Paul Jaminet's blog post 'Can there be a carbohydrate deficiency?' Dr. Rosedale's response.
http://www.facebook.com/note.php?note_id=201273169942000
i.e. Paul Jaminet's blog post 'Can there be a carbohydrate deficiency?' i.e. Is there a need for carbs?;
Paul Jaminet answers his question affirmatively by stating,
"The brain is the biggest determinant of glucose needs. While other primates need only about 7% of energy as glucose or ketones, humans need about 20%. Compared to other primates, humans have a 12% smaller liver. This means we can’t manufacture as much glucose from protein as animals can. Humans also have a 40% smaller gut. This means we can’t manufacture many short-chain fatty acids, which supply ketones or glucogenic substrates, from plant fiber.
So, while animals can meet their tiny glucose needs (5% of calories) in their big livers, humans may not be able to meet our big glucose needs (20-30% of calories) from our small livers. So any carbohydrate deficiency disease will strike humans only, not animals."
Though good thoughts, I must disagree with Paul conceptually and factually. The brain needing 20% glucose is only under conditions of insufficient adaptation to burning ketones. Basic metabolic textbooks talk about adaptation to carbohydrate "starvation" when the brain starts deriving the vast majority of its energy needs from ketones derived from fat metabolism. After several weeks of adaptation the brain can derive at least 80% of its energy needs from ketones. After a longer period of time it can derive more. Regardless, the remainder of the brain's energy needs can be met from gluconeogenesis using glycerol derived from the breakdown of triglycerides as substrate such that gluconeogenesis derived from amino acids is minimal to nonexistent, sparing lean mass. In fact, my patients who strictly adhered to my very low carbohydrate dietary recommendations generally increased lean mass without increasing exercise.

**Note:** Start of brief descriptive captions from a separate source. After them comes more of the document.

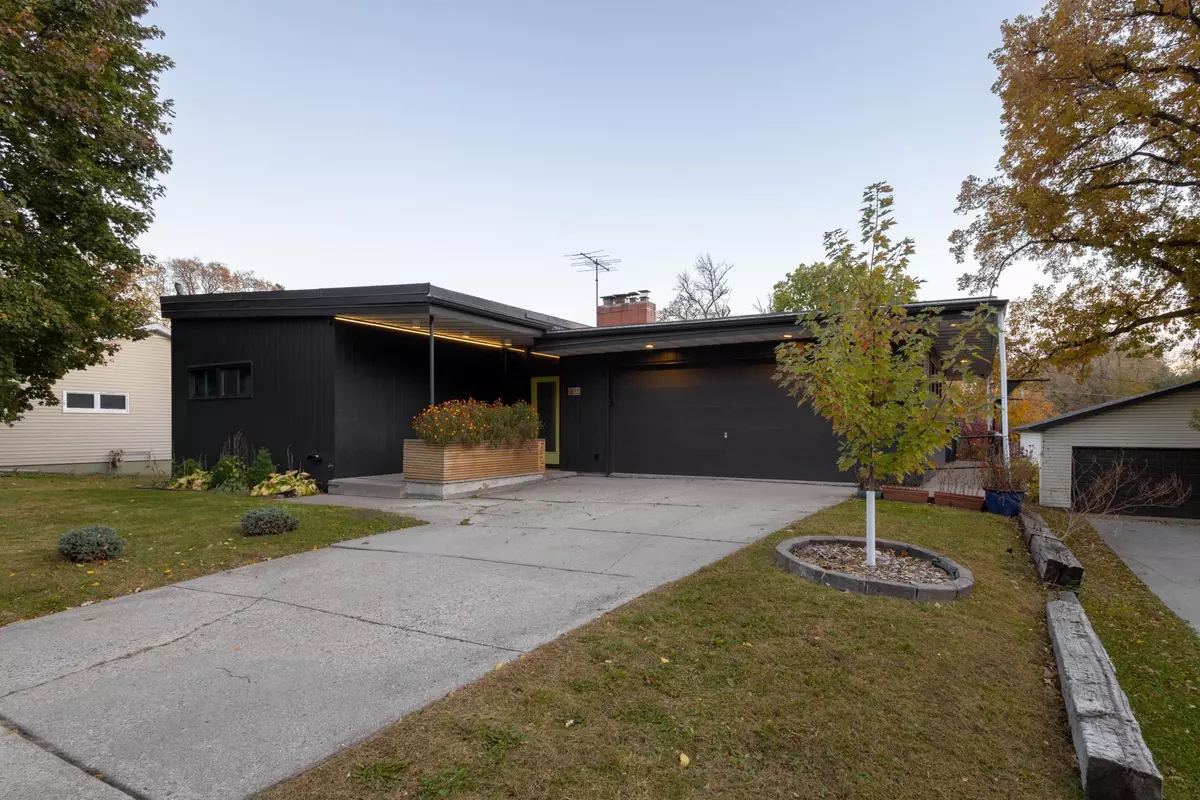 Fergus Falls, MN 56537,635 W Summit AVE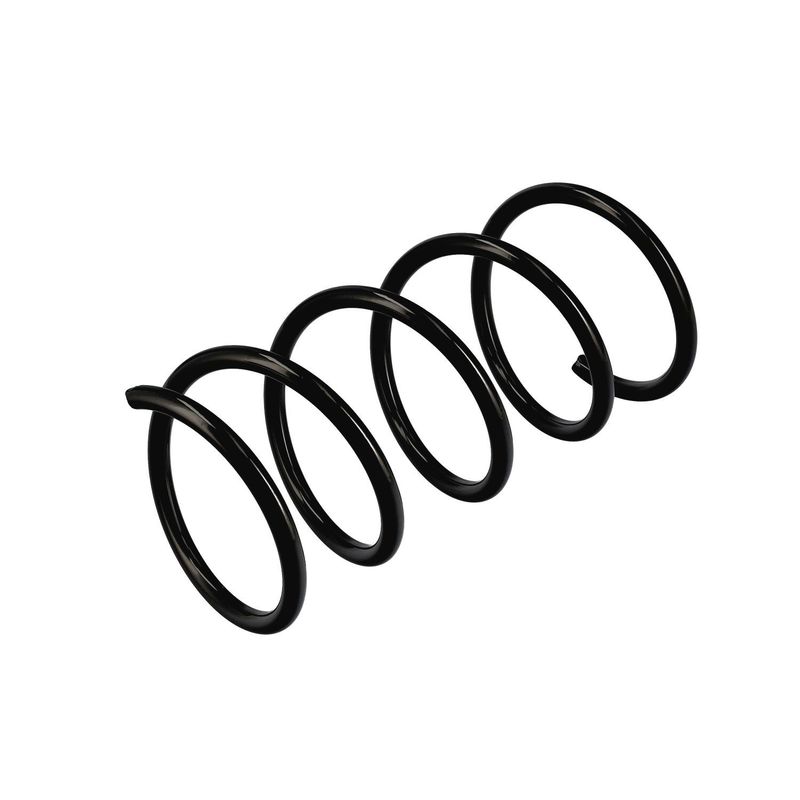 EIBACH R11054 Pakabos spyruoklė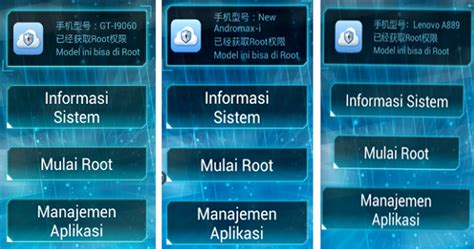 This mod apk is original and 100% working for android. 17 Aplikasi Root Terbaik Untuk Android dan iPhone yang Bisa Anda Coba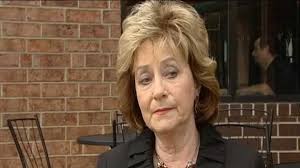 Overview: Krawiec, Motsinger vie for Senate 31 seat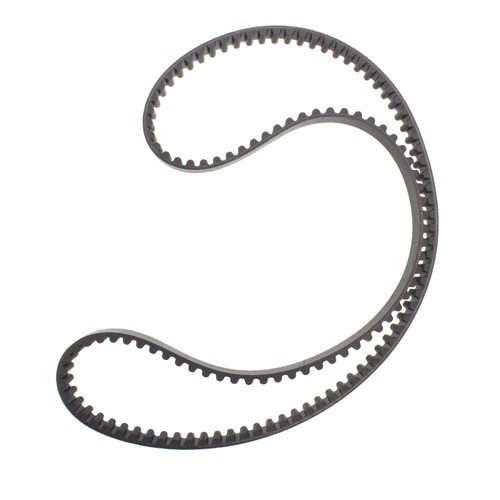 Contitech drive belt - belt, /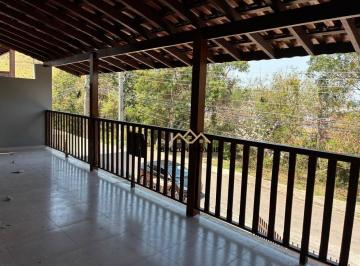 9eded659306674bdddc30b9dbd57e8b98ae1c0d6 · CASA À VENDA - 3 QUARTOS ( 1 SUÍTE) - 270M² AC., 250M² AT - R$ 815.000,00 - JARDIM MELLE - VINHEDO/S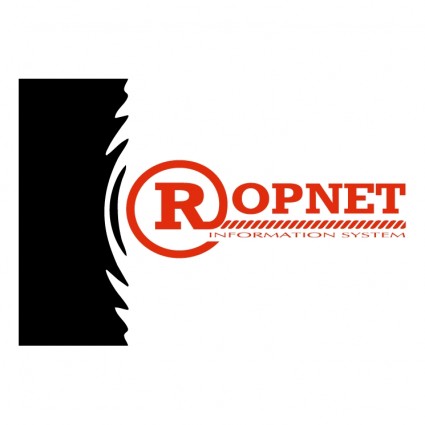Ropnet-Informations-system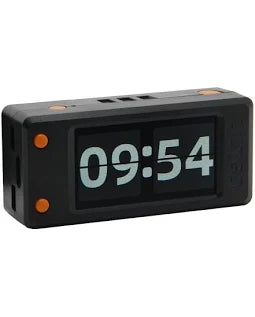 T-Display-S3 ESP32-S3 Scheda di Sviluppo con Display LCD 1.9" 170x320P Wi-Fi Bluetooth 5.0 Arduino - Image 5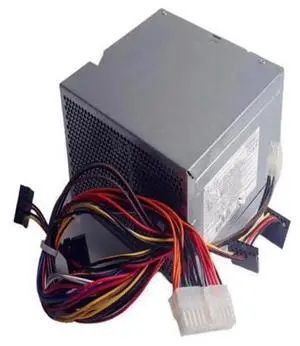 Replacement Desktop Power Supply For HP 280 PRO G2, Compatible D13-180P1A PCB230 PCD009 D11-300P1A, Internal SFF Switching Power Supply Unit For Small Form Factor PC Replacement Desktop Power Supply For HP 280 PRO G2, Compatible D13-180P1A PCB230 PCD009 D11-300P1A, Internal SFF Switching Power Supply Unit For Small Form Factor PC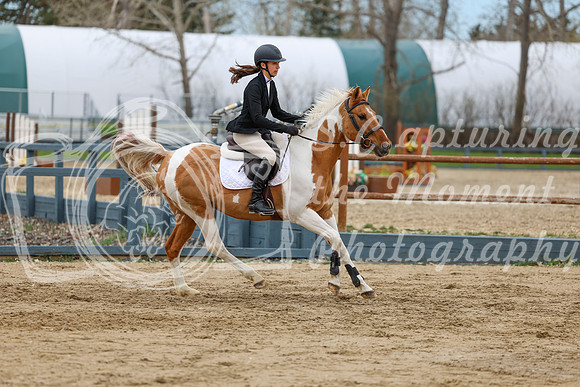 2026 - Shea - Bow Valley I - Sunday May 10th - 02855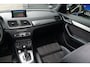 Audi Q3 2.0 TFSI quattro Pro Line Plus 3x S-Line|AUT|Pano|Stoelv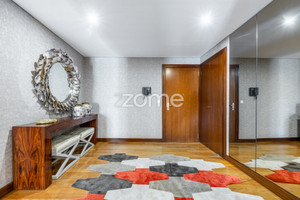 Mieszkanie na sprzedaż 490m2 Porto Gondomar - zdjęcie 3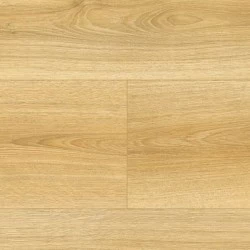 Laminátová Podlaha PERSECTO - Power Grand - Dub Serenada (4916) - 1380x244x8 mm - AC5 - G5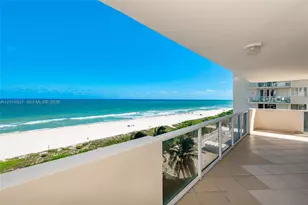 5757 Collins Ave, Miami Beach, FL 33140 - Photo 25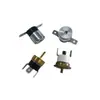 Suministros del Fabricante Ksd301 Rosca Hexagonal M4M5M6 Interruptor de Control de Temperatura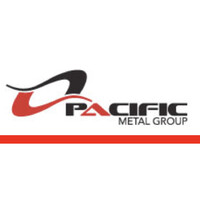 Pacific Metal Group Pty Ltd logo - Similar company to Hydrecyc Pte Ltd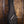 MONO M80 Vertigo Electric Bass Guitar Case Jet Black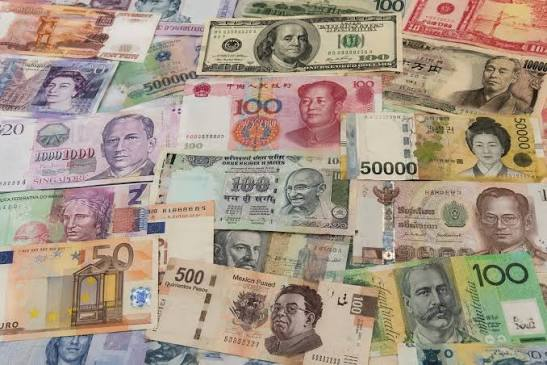 Markets stay cautious as Middle East developments and Fed signals hold focus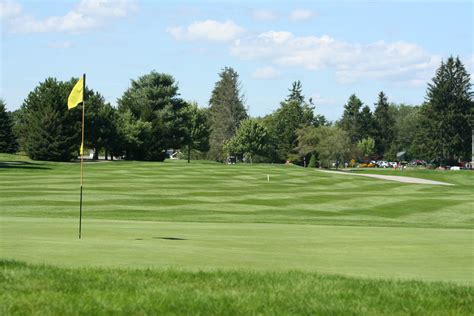 The nearest station when travelling is. Willowdale Golf Club, Scarborough, Maine - Golf course ...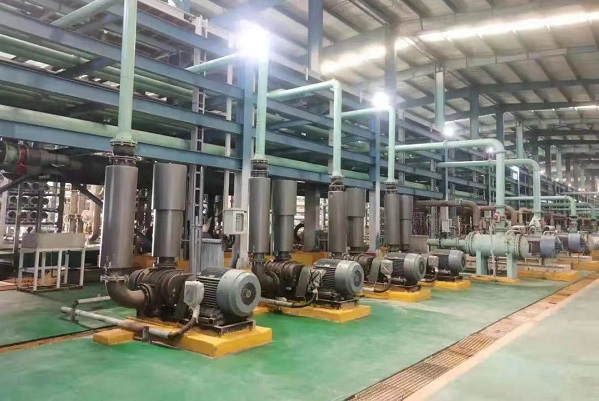 圖片來源:藏格礦業(yè) 圖片來源:藏格礦業(yè)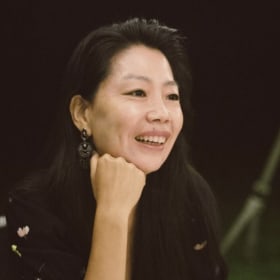 Unearth Your Creativity - Artist Direction with Esther Mun item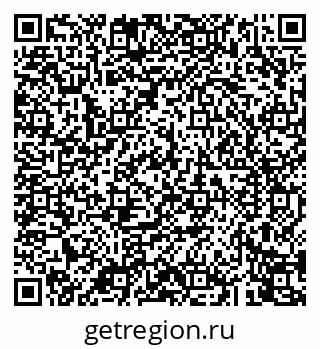 79043249856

The size of the human liver has little to nothing to do with its metabolic abilities. Rather, it's adaptation to available nutrients and even more importantly its control by, and indeed its sensitivity to metabolic hormones such as insulin and leptin are much more important to its function. Eating 100 g of glucose forming carbohydrates daily is enough to sufficiently raise insulin to shut down ketone production by the liver resulting in the necessity to use glucose as fuel by the brain. As such, what Jaminet is recommending is a self-fulfilling prophecy; requiring the consumption of glucose forming carbohydrates such as potatoes and rice increases blood glucose and insulin enough to greatly reduce ketone production, necessitating the use of glucose by the brain. This is not good. I have talked decades about the change in brain function when it converts from glucose to primarily ketone use; it becomes much healthier. Studies are now pouring in on the connection between glucose and chronic brain diseases. Jaminet rightly mentions the benefit of increasing ketone use in epilepsy. Epilepsy is an extreme of an over excitable brain. Is it possible that a brain primarily burning ketones as its primary fuel may function better all of the time? I believe strongly that the answer to this is yes.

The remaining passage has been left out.